■ **Task prompt**
Set down each entry exactly as given; pictures should not appear in the copy.

Captioned web image data
········
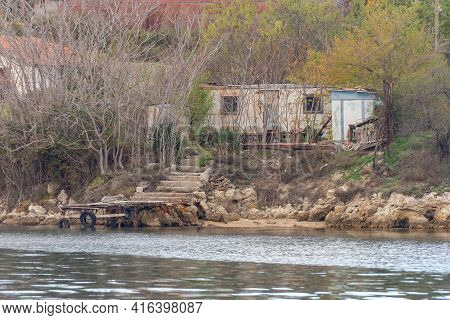 Private House With Its Own Marina. House On The Sea From Improvised Materials In The Streletskaya Ba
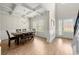 Well-lit dining room with coffered ceilings and views to the front yard and entryway at 2680 Lower Village Dr, Ellenwood, GA 30294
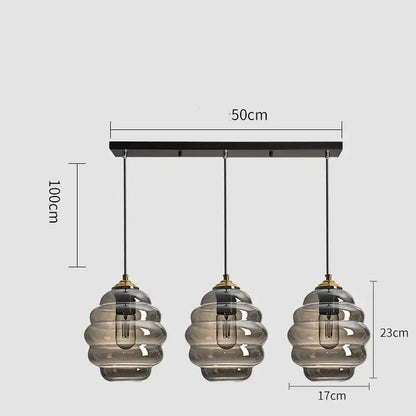 Modern three-light pendant light with smoked honeycomb amber blue and gray glass shades and brass accents for kitchen decorbites colorful glass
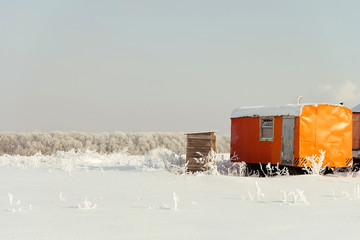 Construction trailer left in the snow. Caravan in winter field. Site container.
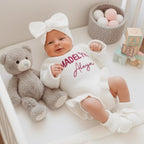 May include: A baby wearing a white knit romper with the name "Madelyn Aleya" in pink script, a matching bow headband, and ruffled leg warmers. A gray teddy bear sits beside the baby in a crib. Wooden blocks and a basket of decorative balls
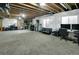 Finished basement with exposed ceiling, perfect for versatile use such as recreation or storage at 16048 Elizabeth St, Thornton, CO 80602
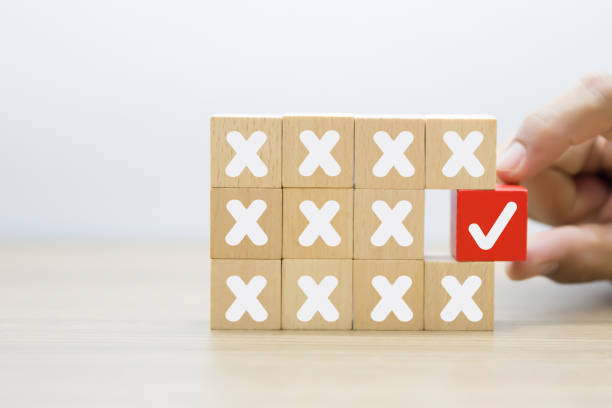 istock Hand choose check mark with cross symbol on wooden toy stack for true or false changing mindset or way of adapting to change leader and transform quiz answer and poll concept. 2193495511
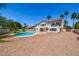 Stunning home exterior showcases a refreshing pool and ample outdoor space at 10386 N 96Th Pl, Scottsdale, AZ 85258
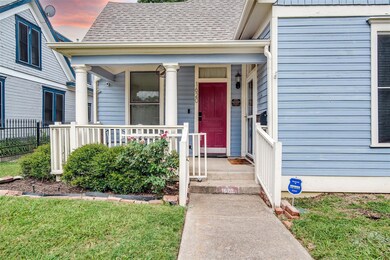Property entrance featuring a covered porch & dogg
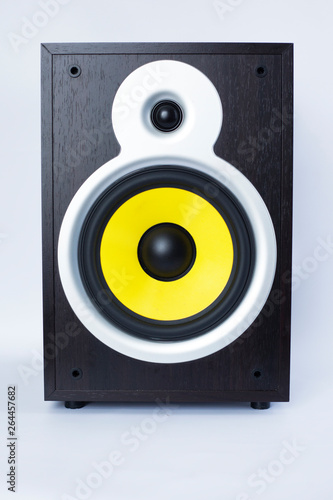 big subwoofer with yellow speaker on white background,loud music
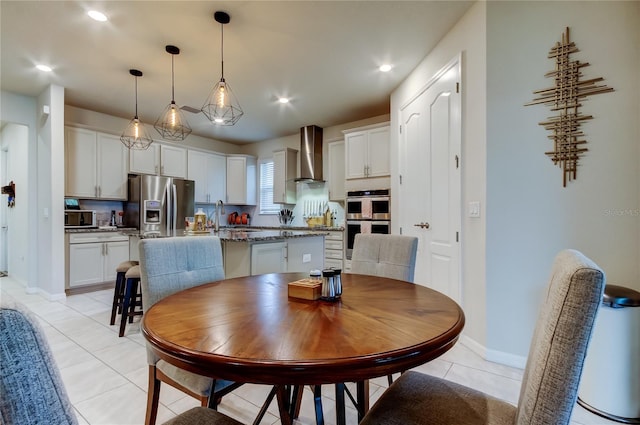 dining space featuring light tile patterned floors, recessed lighting, and baseboards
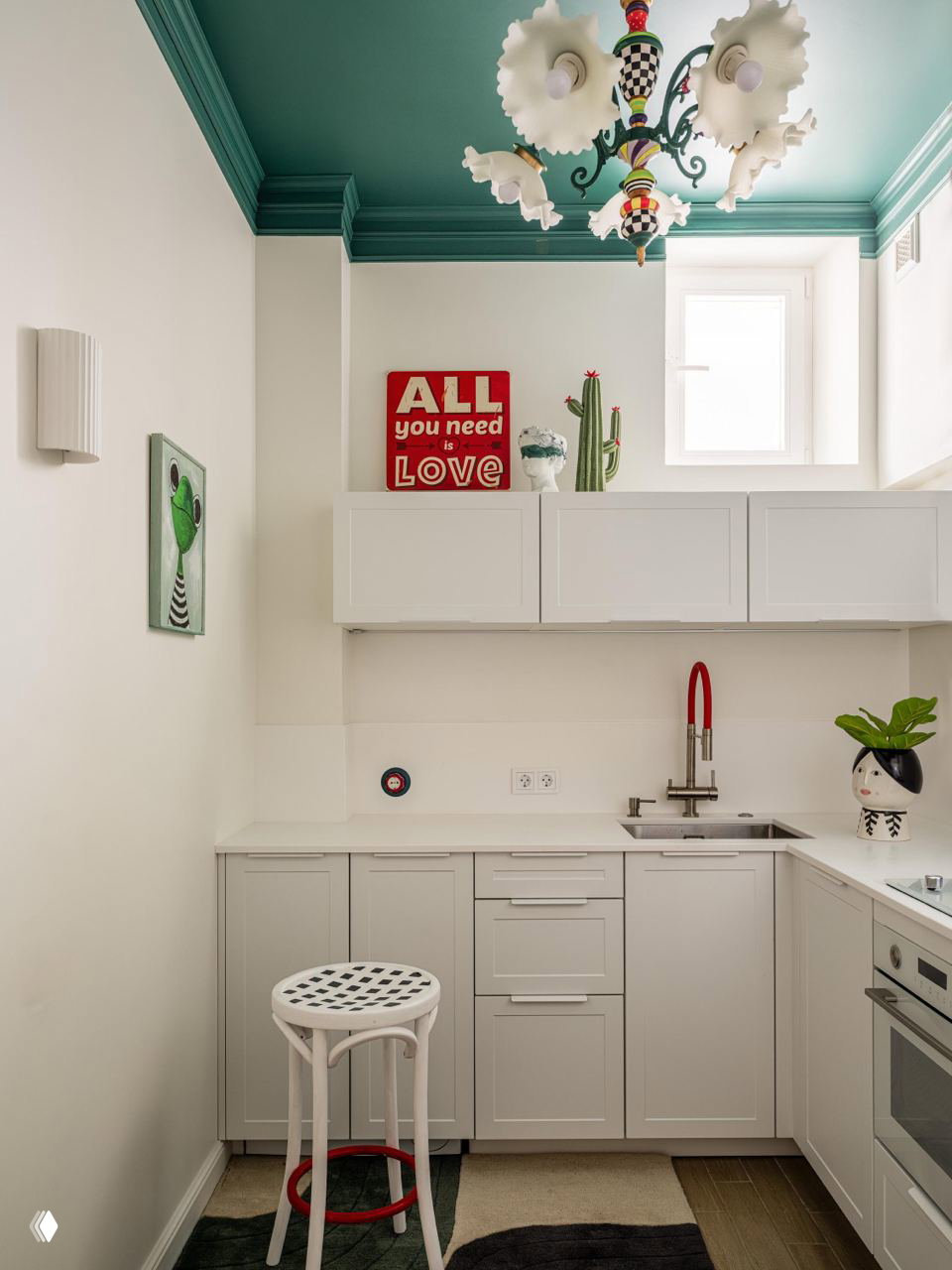 Небольшая кухня с бирюзовым потолком и декоративной люстрой, белые шкафы, плакат «ALL you need is LOVE» и яркие аксессуары.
········
■ **Answer for this exercise**
 Private House With Its Own Marina. House On The Sea From Improvised Materials In The Streletskaya Ba
 Well-lit dining room with coffered ceilings and views to the front yard and entryway at 2680 Lower Village Dr, Ellenwood, GA 30294
 Modern three-light pendant light with smoked honeycomb amber blue and gray glass shades and brass accents for kitchen decorbites colorful glass
 Construction trailer left in the snow. Caravan in winter field. Site container.
 May include: A baby wearing a white knit romper with the name "Madelyn Aleya" in pink script, a matching bow headband, and ruffled leg warmers. A gray teddy bear sits beside the baby in a crib. Wooden blocks and a basket of decorative balls
 Finished basement with exposed ceiling, perfect for versatile use such as recreation or storage at 16048 Elizabeth St, Thornton, CO 80602
 istock Hand choose check mark with cross symbol on wooden toy stack for true or false changing mindset or way of adapting to change leader and transform quiz answer and poll concept. 2193495511
 Stunning home exterior showcases a refreshing pool and ample outdoor space at 10386 N 96Th Pl, Scottsdale, AZ 85258
Property entrance featuring a covered porch & dogg
 big subwoofer with yellow speaker on white background,loud music
 dining space featuring light tile patterned floors, recessed lighting, and baseboards
 Небольшая кухня с бирюзовым потолком и декоративной люстрой, белые шкафы, плакат «ALL you need is LOVE» и яркие аксессуары.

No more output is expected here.